The amendment, which passed the House overwhelmingly last April, is several votes short of the 66 needed in the Senate, amid questions about how it would be applied in practical terms.
Eight senators remained undecided, Senate Minority Leader Tom Daschle, D-S.D., told reporters.
Opponents argue that passage by Congress and ratification by the states would trample the right of free speech under the First Amendment and could lead to disputes over interpretation of the tersely worded measure.
“When I think of the real problems of this nation right now … I’m appalled,” Sen.

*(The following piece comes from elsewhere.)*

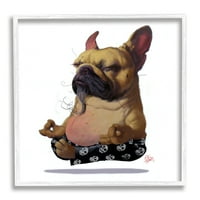 A Stupell Industries a francia bulldog városi kutya meditációs portréját, 12, Thomas Fluharty tervezése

Dale Bumpers, D-Ark., said on the Senate floor. “Everybody here in this body knows that this is pure, sheer politics.”
Saying there were only four flag burnings last year and none this year, Bumpers asked, “And we’re going to tinker with the First Amendment? Our cherished Bill of Rights?”
Senate backers of the amendment, led by Majority Leader Bob Dole, R-Kan., were thwarted in their bid to bring it to a vote Wednesday. Earlier this year, when he started his bid for the GOP presidential nomination, Dole promised the American Legion there would be a vote this fall.
Opponents led by Sen. Jeff Bingaman, D-N.M., objected Wednesday to starting formal debate on the proposal until the Senate acted on 18 nominations for ambassadorships - including that of former Tennessee Sen. James Sasser as envoy to China - that have been pending for months.
“Before we move to amend the Constitution … we need to tend to the business of carrying out our duties as they’re set out in the Constitution,” Bingaman said. “Everyone has to concede that this is not an urgent matter. … There is not an epidemic of flag-burning going on in this country.”